KUALA LUMPUR, Oct 11 — The vernacular education quarrel pitting MCA against a junior Umno leader should be considered settled with Prime Minister Datuk Seri Najib Razak’s allocation of RM50 million for Chinese schools, the Barisan Nasional (BN) Youth chief Khairy Jamaluddin said today.

Khairy, who is also Umno Youth chief, said Najib had the “last word” on the controversy which recently erupted when Petaling Jaya Utara Umno’s deputy division chief Mohamad Azli Mohamed Saad proposed scrapping Chinese vernacular schools.

“The last word comes from the prime minister, not from MCA Youth, not from Umno, but from the prime minister,” he told delegates at the MCA Youth’s 50th annual general meeting here.

Khairy pointed to the RM50 million carved out in the Budget 2015’s tabling yesterday for Chinese schools as the “end of the debate”.

“That’s the end of the debate. That means our prime minister approves of multi-stream schools in Malaysia,” he added.

Later, when it was pointed out that the government has been providing financial aid to vernacular schools every year, Khairy replied: “Annual allocation means that vernacular schools are here to stay.

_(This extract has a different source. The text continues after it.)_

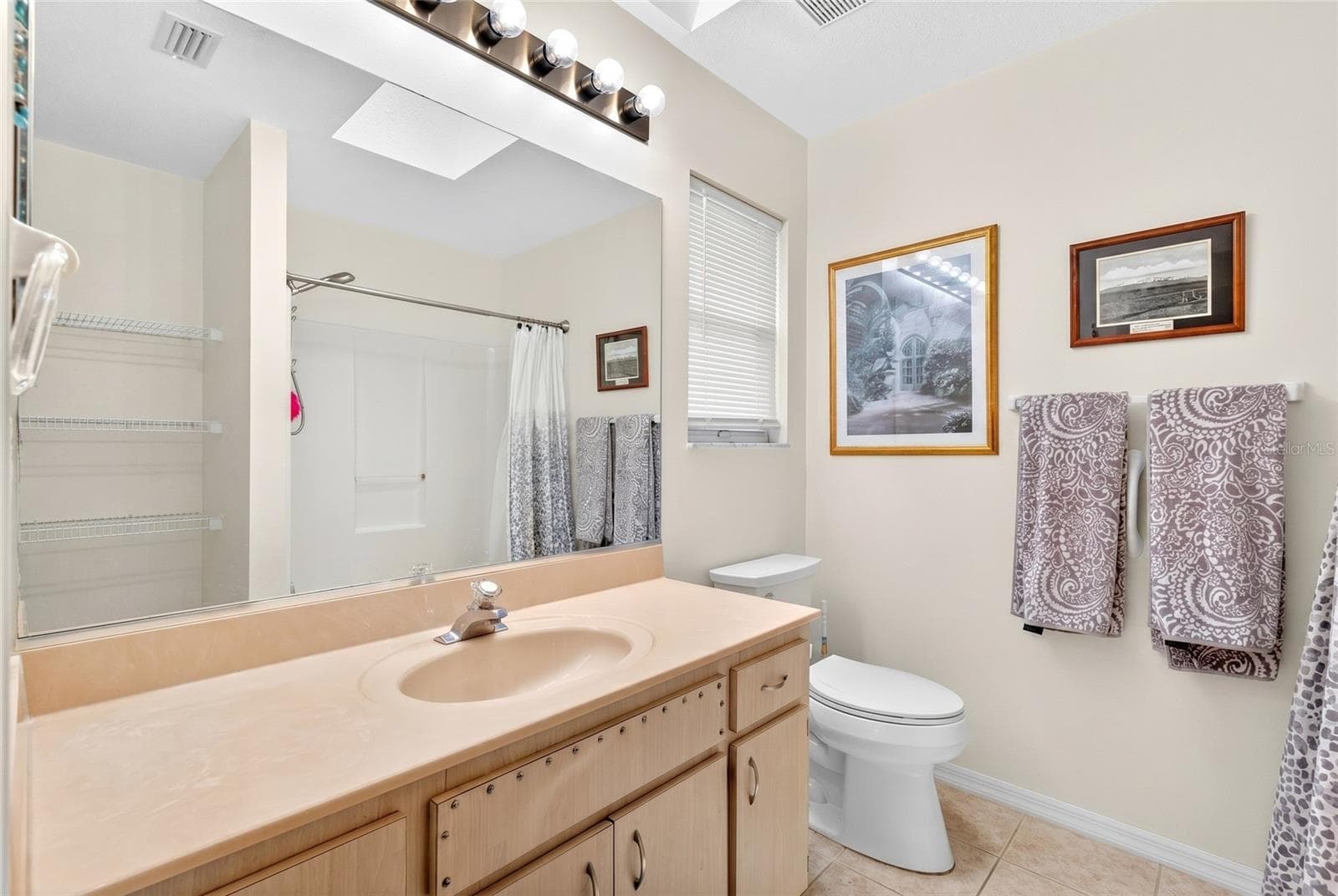 Single Family Residence at 17520 SE 112TH AVE, SUMMERFIELD, photo 10 of 31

I think that answers it.”

He said he did not know if the issue would be raised by delegates in Umno’s AGM, but said the most important thing would be the leadership’s decision as reflected by Najib’s announcement.

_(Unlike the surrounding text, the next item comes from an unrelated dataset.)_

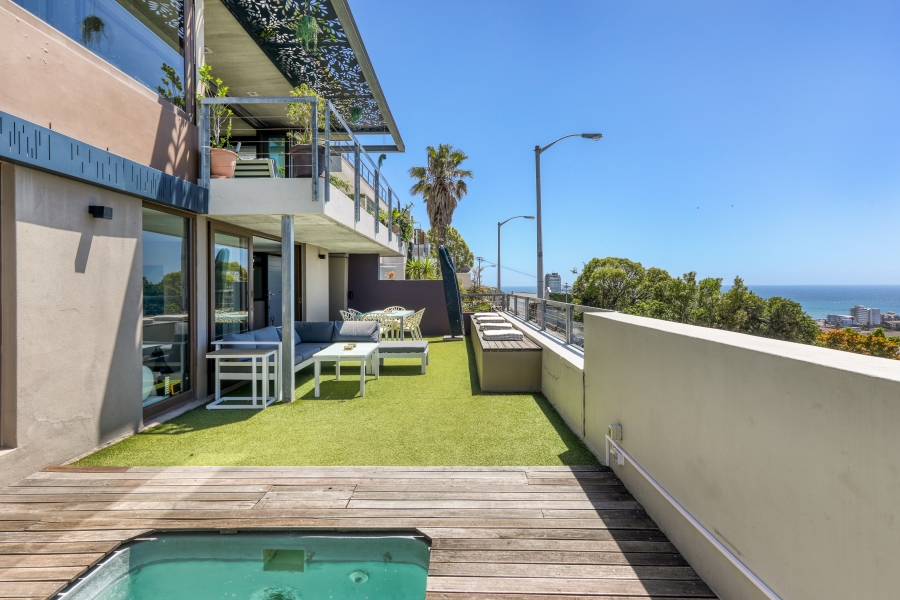 5 Bedroom Property for Sale in Green Point Western Cape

In the Budget 2015 yesterday, Putrajaya said it would channel RM450 million to national schools, while other types of categories including Chinese and Tamil primary schools would get RM50 million each, while RM25 million would be given to national-type Chinese secondary schools.

On Thursday, MCA president Datuk Seri Dr Liow Tiong Lai had said that the police must investigate Mohamad Azli, including whether his remarks were seditious.

On October 5, Mohamad Azli was reported by newspapers Mingguan Malaysia and New Sunday Times (NST) as saying that the upcoming annual Umno meeting in November should discuss abolishing the Chinese vernacular school system as it purportedly promotes racism and anti-establishment sentiments.

In the same report, Mohamad Azli was quoted saying that the government should also mull raising the intake of Malay and Indian students and teachers in Chinese schools to 60 per cent.

Vernacular schools continue to grow in popularity here in Malaysia, with an increasing number of non-Malay parents preferring to send their children to Mandarin- and Tamil-language schools over the Malay-language national schools.

Defenders of Bumiputera special privileges regularly target vernacular schools to deflect demands for equal treatment of the country’s races after decades of race-based affirmative action.